§ Work required
When you copy the records that follow, please keep every word exactly as it is and leave out the pictures.

§ Available data

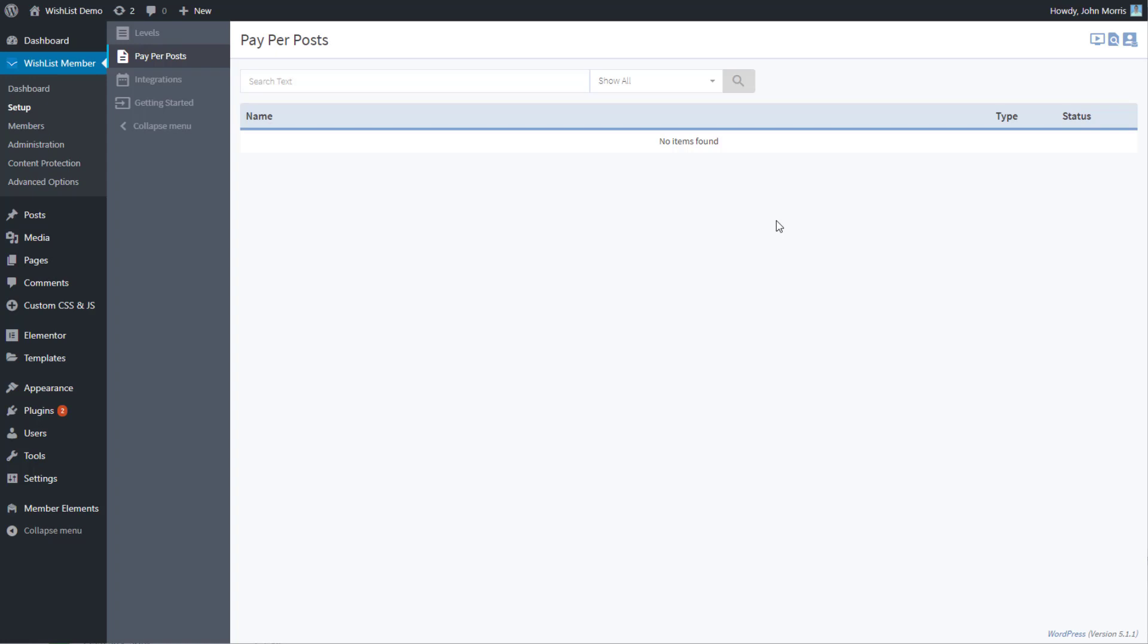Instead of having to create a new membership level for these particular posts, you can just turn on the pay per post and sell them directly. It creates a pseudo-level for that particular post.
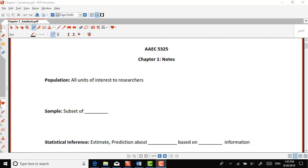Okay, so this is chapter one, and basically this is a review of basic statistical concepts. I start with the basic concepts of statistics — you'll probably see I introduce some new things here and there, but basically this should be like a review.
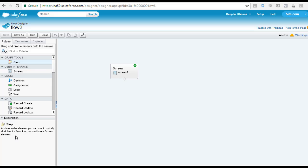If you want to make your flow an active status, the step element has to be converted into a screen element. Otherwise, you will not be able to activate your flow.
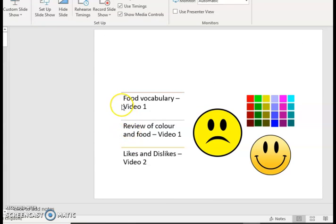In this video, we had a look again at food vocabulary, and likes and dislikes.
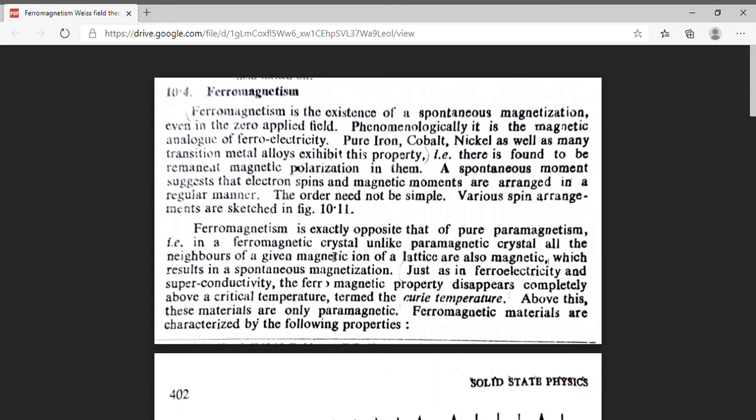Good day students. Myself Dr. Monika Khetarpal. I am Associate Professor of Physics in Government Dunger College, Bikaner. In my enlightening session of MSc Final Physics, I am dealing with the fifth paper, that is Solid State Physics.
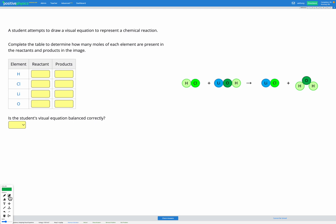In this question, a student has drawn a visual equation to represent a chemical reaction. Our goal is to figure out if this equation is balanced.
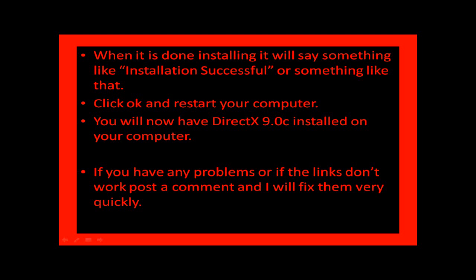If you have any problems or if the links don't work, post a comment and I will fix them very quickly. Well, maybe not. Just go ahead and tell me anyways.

§ Solution for this exercise
Instead of having to create a new membership level for these particular posts, you can just turn on the pay per post and sell them directly. It creates a pseudo-level for that particular post.
Okay, so this is chapter one, and basically this is a review of basic statistical concepts. I start with the basic concepts of statistics — you'll probably see I introduce some new things here and there, but basically this should be like a review.
If you want to make your flow an active status, the step element has to be converted into a screen element. Otherwise, you will not be able to activate your flow.
In this video, we had a look again at food vocabulary, and likes and dislikes.
Good day students. Myself Dr. Monika Khetarpal. I am Associate Professor of Physics in Government Dunger College, Bikaner. In my enlightening session of MSc Final Physics, I am dealing with the fifth paper, that is Solid State Physics.
In this question, a student has drawn a visual equation to represent a chemical reaction. Our goal is to figure out if this equation is balanced.
If you have any problems or if the links don't work, post a comment and I will fix them very quickly. Well, maybe not. Just go ahead and tell me anyways.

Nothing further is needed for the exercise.